The future of identical yellow bananas looks dire, at least if it remains on the same track that multinational corporations have conditioned us to keep it on. Consumers these days expect year-round availability of a product, which is consistent every time a person buys it, eats it, and cooks with it. A better future for bananas, and perhaps agriculture generally, is to move away from the century-old business model of monocropped plantations which have again found themselves at the potential brink of collapse.
Beyond the Cavendish and the Gros Michel, there’s a whole world of bananas out there. In South America, red bananas are used frequently. In the Philippines, and elsewhere throughout Southeast Asia, the Latundan banana is a favorite. And, of course, many Americans are familiar with plantains (which are a type of banana), a staple of savory dishes throughout South America and the Caribbean.

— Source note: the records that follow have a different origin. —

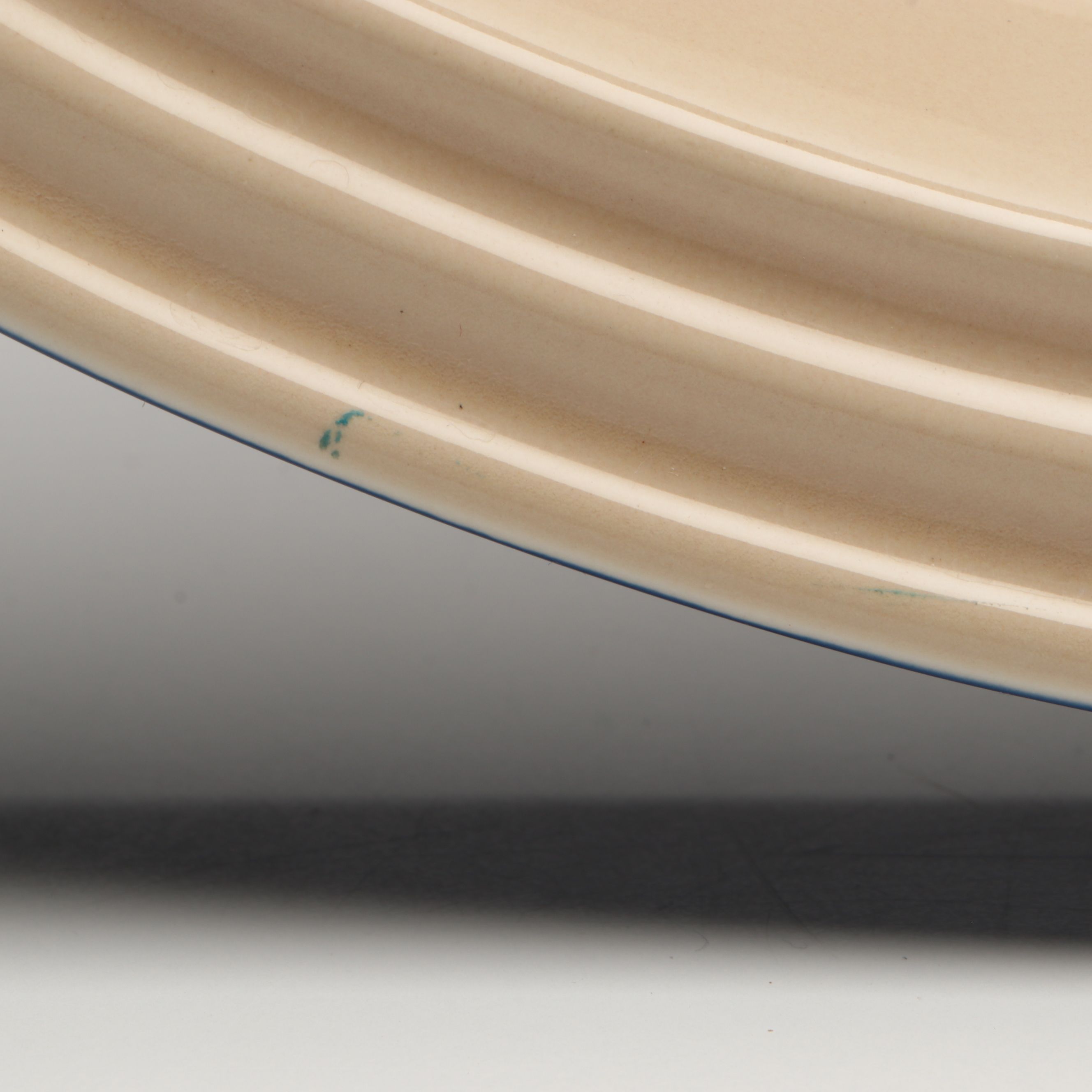 Le Creuset Blue French Ceramic Oval Serving Platter, 2004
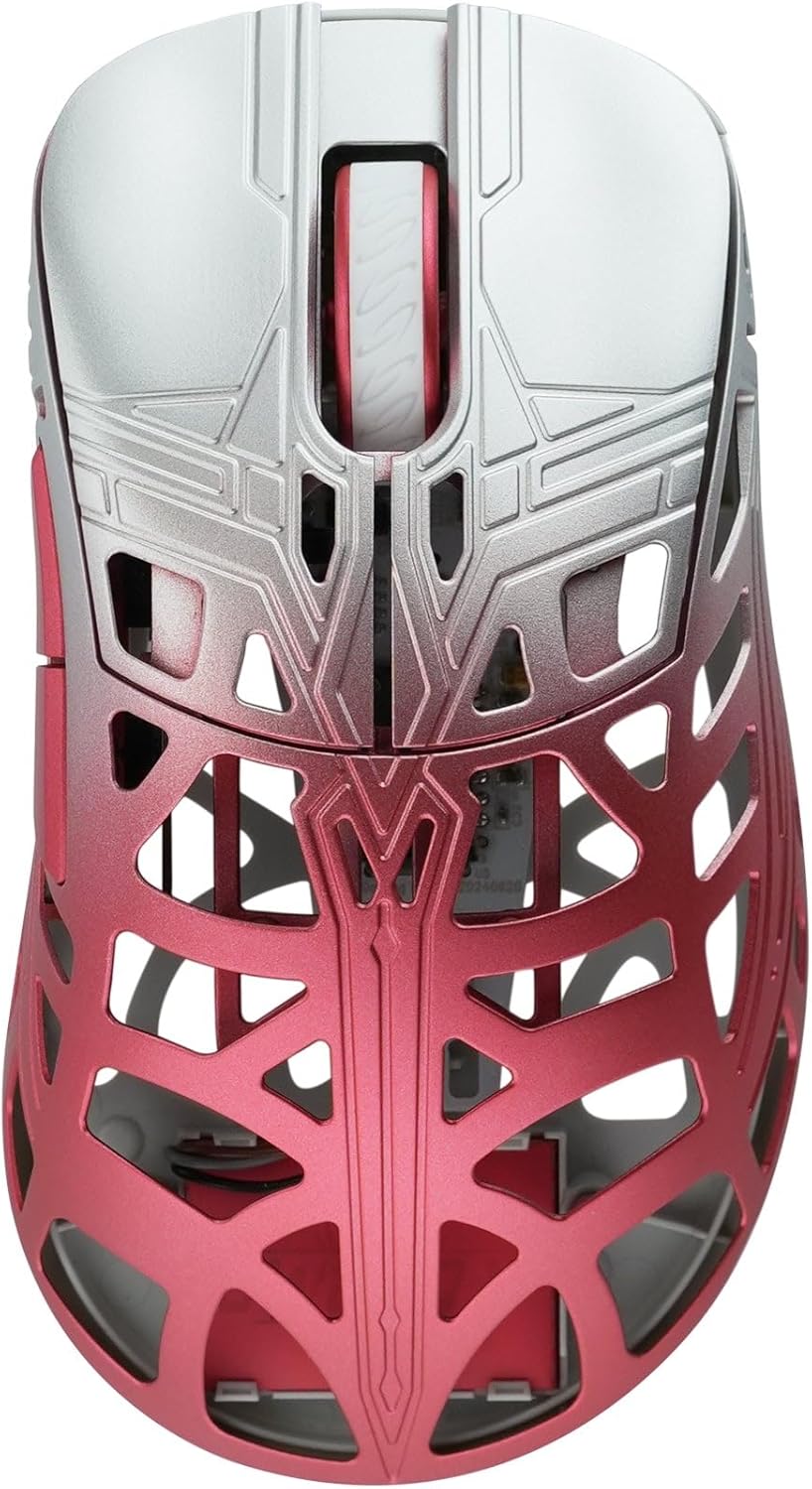 MK x WLMOUSE Sword X Magnesium Wireless 8K Mouse (Black Dot, Onyx)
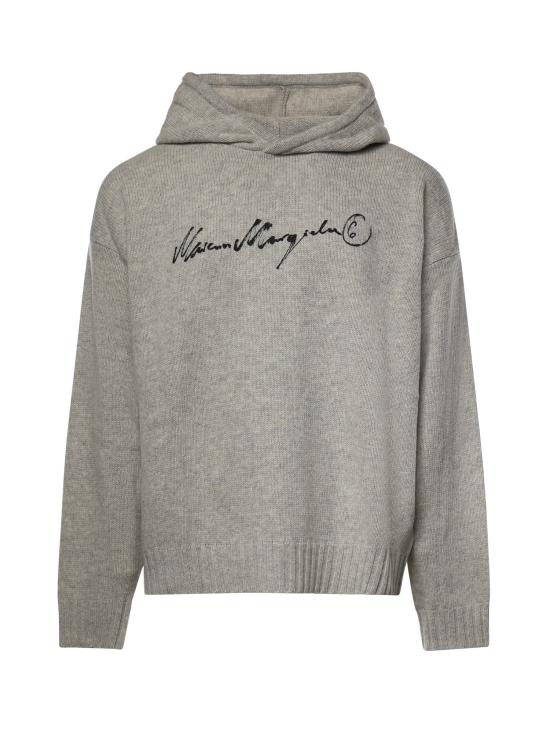 26FW MM6 메종마르지엘라 스웨터 SH0HL0051 M13288806S Grey melange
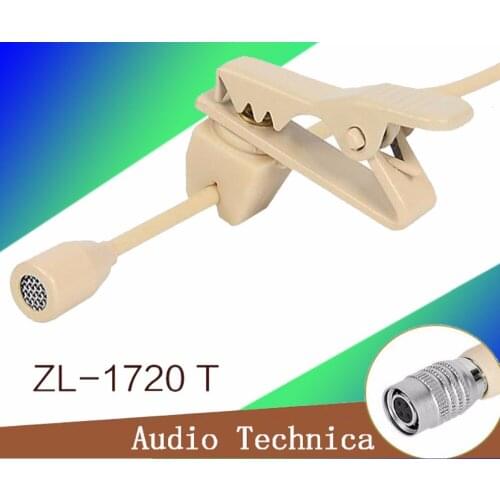 Beige ME2 Wireless Lavalier Lapel Microphone for Audio Technica BeltPack Mic System Hirose 4Pin plus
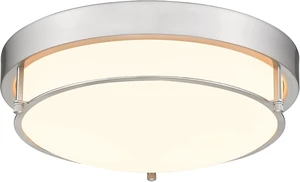 Close to Ceiling Light Fixtures, Bushed Nickel Farmhouse Ceiling Light with 2 Light for Laundry Kitchen Bedroom Bathroom, 4822-BN Close to Ceiling Light Fixtures, Bushed Nickel Farmhouse Ceiling Light with 2 Light for Laundry Kitchen Bedroom Bathroom, 4822-BN
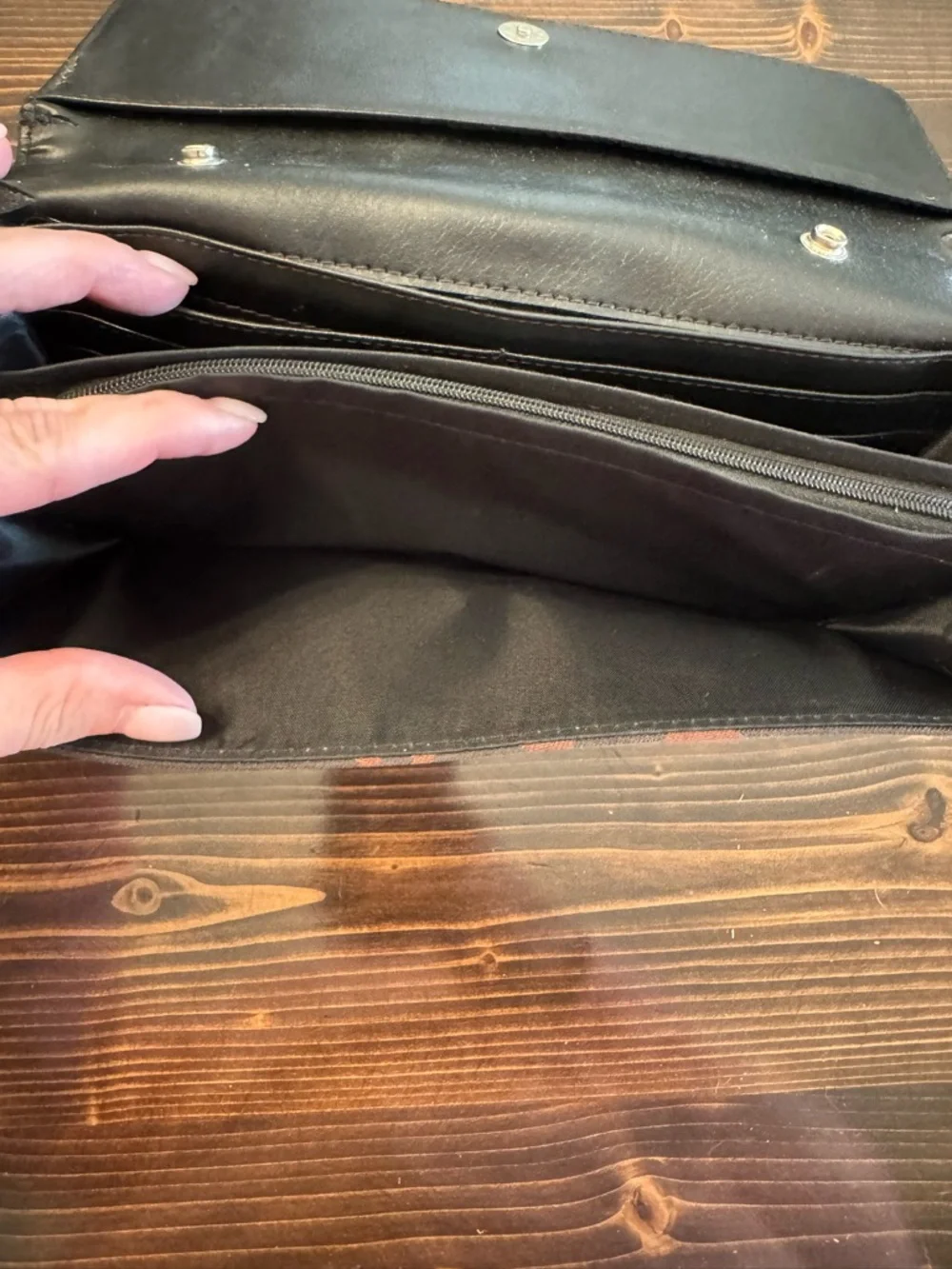 Etienne Aigner Black‎ and Brown Signature Clutch Wallet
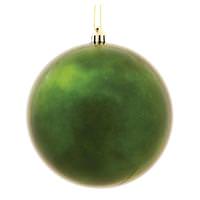 Vickerman 8" Moss Green Shiny Ball Christmas Ornament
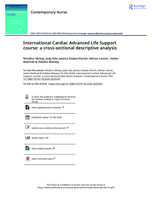International Cardiac Advanced Life Support course: a cross-sectional descriptive analysis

In an ideal world, numerous small-scale farms, like Roatta’s at Miami Fruit, would be the backbone of the mass market banana supply and grow not one variety, but dozens. Other companies selling several banana varieties include Melissa’s Produce and Tropical Fruit Box.
“I think you could have lots of success with new varieties, and I think people want it,” Roatta said. “Maybe not at a Walmart, but who knows. I think the demand is there and it’s ready to grow. It won’t be overnight, but I think people should invest into starting that.”
Instead of one mass-market yellow banana for every purpose, why don’t we grow and seek out different bananas for different applications like we’ve already done with apples? This one-banana-fits-every-purpose attitude isn’t just environmentally destructive, but we’re probably missing out on some exciting and delicious ways to make better banana bread, sweeter banana pudding, and creamier banana cream pie.